* **About this task**: Write out the records again, exactly. Nothing may be dropped.

═══ Records to use

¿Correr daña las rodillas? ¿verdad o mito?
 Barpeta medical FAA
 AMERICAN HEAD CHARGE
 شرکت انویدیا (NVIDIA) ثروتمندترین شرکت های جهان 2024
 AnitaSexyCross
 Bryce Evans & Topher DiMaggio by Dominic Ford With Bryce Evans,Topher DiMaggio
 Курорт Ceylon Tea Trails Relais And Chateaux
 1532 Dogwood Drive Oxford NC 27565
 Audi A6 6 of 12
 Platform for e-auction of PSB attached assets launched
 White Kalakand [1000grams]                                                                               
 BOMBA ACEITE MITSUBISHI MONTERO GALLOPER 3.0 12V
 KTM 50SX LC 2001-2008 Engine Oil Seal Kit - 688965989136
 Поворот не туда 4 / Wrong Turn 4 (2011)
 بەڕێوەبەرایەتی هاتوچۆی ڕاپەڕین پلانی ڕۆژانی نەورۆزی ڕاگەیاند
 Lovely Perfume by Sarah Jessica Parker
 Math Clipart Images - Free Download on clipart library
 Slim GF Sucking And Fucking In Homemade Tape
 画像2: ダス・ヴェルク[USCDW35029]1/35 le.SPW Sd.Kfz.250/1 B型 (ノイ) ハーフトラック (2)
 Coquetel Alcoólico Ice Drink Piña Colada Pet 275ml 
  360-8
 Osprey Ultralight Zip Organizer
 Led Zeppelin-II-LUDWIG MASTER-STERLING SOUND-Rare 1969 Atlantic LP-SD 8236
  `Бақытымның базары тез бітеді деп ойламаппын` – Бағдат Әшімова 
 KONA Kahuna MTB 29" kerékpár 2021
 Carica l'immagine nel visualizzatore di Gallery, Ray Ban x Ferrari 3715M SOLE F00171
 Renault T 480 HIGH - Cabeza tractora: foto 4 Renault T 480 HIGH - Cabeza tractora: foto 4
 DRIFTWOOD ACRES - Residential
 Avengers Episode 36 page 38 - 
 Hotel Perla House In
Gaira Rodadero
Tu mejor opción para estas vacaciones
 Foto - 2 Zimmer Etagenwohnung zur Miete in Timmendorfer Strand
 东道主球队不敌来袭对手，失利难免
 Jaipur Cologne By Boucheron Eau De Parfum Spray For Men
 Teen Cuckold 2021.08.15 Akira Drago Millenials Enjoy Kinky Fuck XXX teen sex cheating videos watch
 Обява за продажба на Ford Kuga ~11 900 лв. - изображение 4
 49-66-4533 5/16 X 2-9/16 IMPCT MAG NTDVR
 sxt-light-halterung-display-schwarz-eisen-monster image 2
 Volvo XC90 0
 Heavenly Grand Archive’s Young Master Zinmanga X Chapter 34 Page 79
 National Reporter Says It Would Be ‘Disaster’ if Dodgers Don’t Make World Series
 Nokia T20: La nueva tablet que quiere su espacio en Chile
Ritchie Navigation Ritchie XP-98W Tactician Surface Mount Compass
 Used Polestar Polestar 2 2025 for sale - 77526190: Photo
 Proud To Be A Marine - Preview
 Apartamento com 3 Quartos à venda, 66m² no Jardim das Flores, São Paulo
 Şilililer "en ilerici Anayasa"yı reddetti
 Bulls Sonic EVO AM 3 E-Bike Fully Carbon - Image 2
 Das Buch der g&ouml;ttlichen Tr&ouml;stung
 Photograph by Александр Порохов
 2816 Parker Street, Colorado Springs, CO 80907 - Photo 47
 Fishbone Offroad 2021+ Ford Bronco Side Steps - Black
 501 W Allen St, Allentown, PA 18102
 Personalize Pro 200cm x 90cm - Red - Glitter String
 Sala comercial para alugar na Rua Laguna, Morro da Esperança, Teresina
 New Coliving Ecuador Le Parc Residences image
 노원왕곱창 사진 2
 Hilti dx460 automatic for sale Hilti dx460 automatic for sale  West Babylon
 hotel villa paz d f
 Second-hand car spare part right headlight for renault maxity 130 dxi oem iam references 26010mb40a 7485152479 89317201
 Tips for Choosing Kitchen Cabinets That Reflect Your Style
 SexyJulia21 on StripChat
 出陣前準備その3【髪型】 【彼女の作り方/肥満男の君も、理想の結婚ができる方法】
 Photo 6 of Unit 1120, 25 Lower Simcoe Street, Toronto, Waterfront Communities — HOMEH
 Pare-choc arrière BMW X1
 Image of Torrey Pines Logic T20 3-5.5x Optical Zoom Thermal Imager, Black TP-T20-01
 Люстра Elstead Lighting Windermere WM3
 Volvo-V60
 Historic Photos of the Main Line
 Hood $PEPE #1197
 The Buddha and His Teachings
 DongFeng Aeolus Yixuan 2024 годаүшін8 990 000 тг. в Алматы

══════

* **Expected answer**:
¿Correr daña las rodillas? ¿verdad o mito?
 Barpeta medical FAA
 AMERICAN HEAD CHARGE
 شرکت انویدیا (NVIDIA) ثروتمندترین شرکت های جهان 2024
 AnitaSexyCross
 Bryce Evans & Topher DiMaggio by Dominic Ford With Bryce Evans,Topher DiMaggio
 Курорт Ceylon Tea Trails Relais And Chateaux
 1532 Dogwood Drive Oxford NC 27565
 Audi A6 6 of 12
 Platform for e-auction of PSB attached assets launched
 White Kalakand [1000grams]                                                                               
 BOMBA ACEITE MITSUBISHI MONTERO GALLOPER 3.0 12V
 KTM 50SX LC 2001-2008 Engine Oil Seal Kit - 688965989136
 Поворот не туда 4 / Wrong Turn 4 (2011)
 بەڕێوەبەرایەتی هاتوچۆی ڕاپەڕین پلانی ڕۆژانی نەورۆزی ڕاگەیاند
 Lovely Perfume by Sarah Jessica Parker
 Math Clipart Images - Free Download on clipart library
 Slim GF Sucking And Fucking In Homemade Tape
 画像2: ダス・ヴェルク[USCDW35029]1/35 le.SPW Sd.Kfz.250/1 B型 (ノイ) ハーフトラック (2)
 Coquetel Alcoólico Ice Drink Piña Colada Pet 275ml 
  360-8
 Osprey Ultralight Zip Organizer
 Led Zeppelin-II-LUDWIG MASTER-STERLING SOUND-Rare 1969 Atlantic LP-SD 8236
  `Бақытымның базары тез бітеді деп ойламаппын` – Бағдат Әшімова 
 KONA Kahuna MTB 29" kerékpár 2021
 Carica l'immagine nel visualizzatore di Gallery, Ray Ban x Ferrari 3715M SOLE F00171
 Renault T 480 HIGH - Cabeza tractora: foto 4 Renault T 480 HIGH - Cabeza tractora: foto 4
 DRIFTWOOD ACRES - Residential
 Avengers Episode 36 page 38 - 
 Hotel Perla House In
Gaira Rodadero
Tu mejor opción para estas vacaciones
 Foto - 2 Zimmer Etagenwohnung zur Miete in Timmendorfer Strand
 东道主球队不敌来袭对手，失利难免
 Jaipur Cologne By Boucheron Eau De Parfum Spray For Men
 Teen Cuckold 2021.08.15 Akira Drago Millenials Enjoy Kinky Fuck XXX teen sex cheating videos watch
 Обява за продажба на Ford Kuga ~11 900 лв. - изображение 4
 49-66-4533 5/16 X 2-9/16 IMPCT MAG NTDVR
 sxt-light-halterung-display-schwarz-eisen-monster image 2
 Volvo XC90 0
 Heavenly Grand Archive’s Young Master Zinmanga X Chapter 34 Page 79
 National Reporter Says It Would Be ‘Disaster’ if Dodgers Don’t Make World Series
 Nokia T20: La nueva tablet que quiere su espacio en Chile
Ritchie Navigation Ritchie XP-98W Tactician Surface Mount Compass
 Used Polestar Polestar 2 2025 for sale - 77526190: Photo
 Proud To Be A Marine - Preview
 Apartamento com 3 Quartos à venda, 66m² no Jardim das Flores, São Paulo
 Şilililer "en ilerici Anayasa"yı reddetti
 Bulls Sonic EVO AM 3 E-Bike Fully Carbon - Image 2
 Das Buch der g&ouml;ttlichen Tr&ouml;stung
 Photograph by Александр Порохов
 2816 Parker Street, Colorado Springs, CO 80907 - Photo 47
 Fishbone Offroad 2021+ Ford Bronco Side Steps - Black
 501 W Allen St, Allentown, PA 18102
 Personalize Pro 200cm x 90cm - Red - Glitter String
 Sala comercial para alugar na Rua Laguna, Morro da Esperança, Teresina
 New Coliving Ecuador Le Parc Residences image
 노원왕곱창 사진 2
 Hilti dx460 automatic for sale Hilti dx460 automatic for sale  West Babylon
 hotel villa paz d f
 Second-hand car spare part right headlight for renault maxity 130 dxi oem iam references 26010mb40a 7485152479 89317201
 Tips for Choosing Kitchen Cabinets That Reflect Your Style
 SexyJulia21 on StripChat
 出陣前準備その3【髪型】 【彼女の作り方/肥満男の君も、理想の結婚ができる方法】
 Photo 6 of Unit 1120, 25 Lower Simcoe Street, Toronto, Waterfront Communities — HOMEH
 Pare-choc arrière BMW X1
 Image of Torrey Pines Logic T20 3-5.5x Optical Zoom Thermal Imager, Black TP-T20-01
 Люстра Elstead Lighting Windermere WM3
 Volvo-V60
 Historic Photos of the Main Line
 Hood $PEPE #1197
 The Buddha and His Teachings
 DongFeng Aeolus Yixuan 2024 годаүшін8 990 000 тг. в Алматы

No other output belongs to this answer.